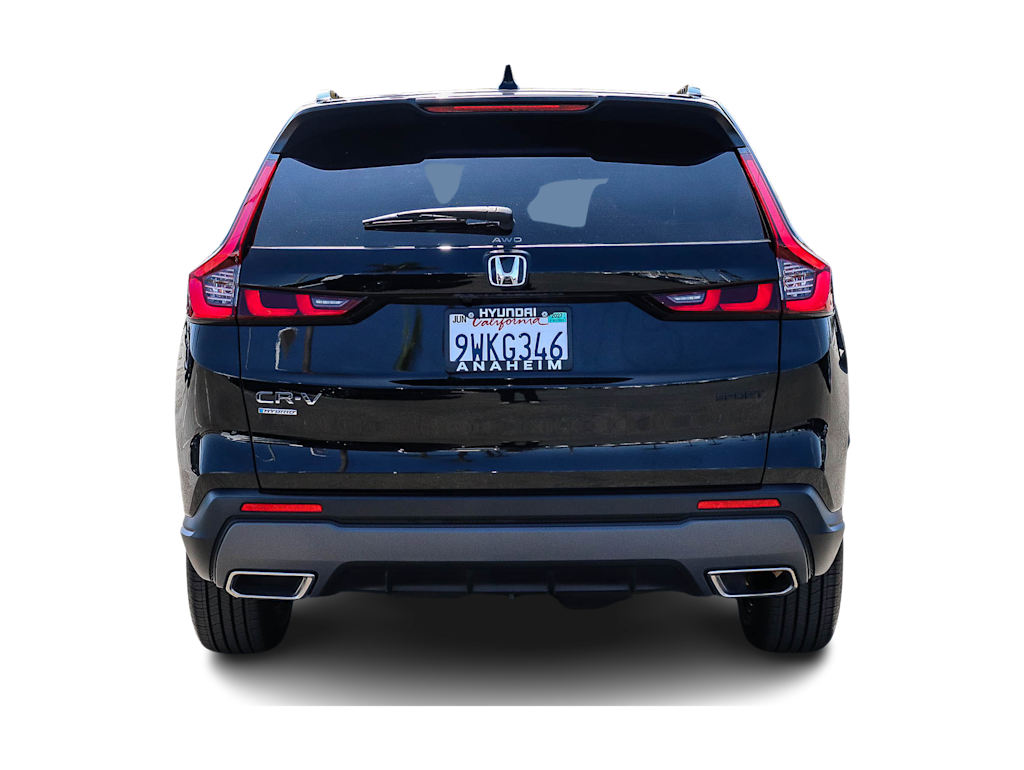 Thumbnail: 2024 Honda CR-V - 4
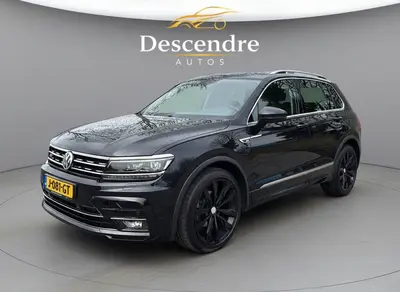 Volkswagen Tiguan 1.5 TSI ACT Highline R-line 12 maand garan uit 2019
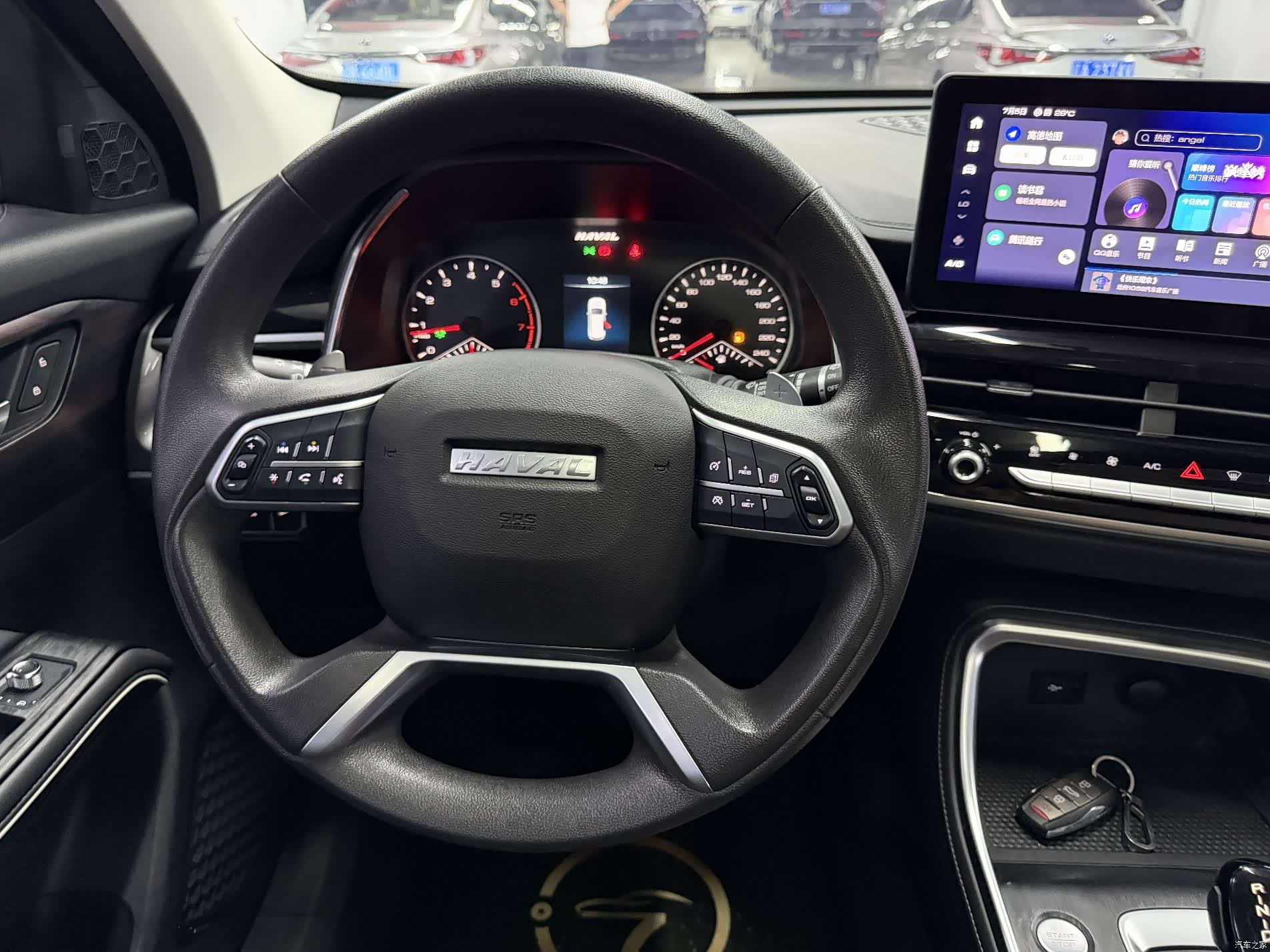 Haval H6, 2022 14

***

__Work instruction__.
Repeat each line above exactly. The pictures stay out.

__Result__.
 Thumbnail: 2024 Honda CR-V - 4
 Volkswagen Tiguan 1.5 TSI ACT Highline R-line 12 maand garan uit 2019
 Haval H6, 2022 14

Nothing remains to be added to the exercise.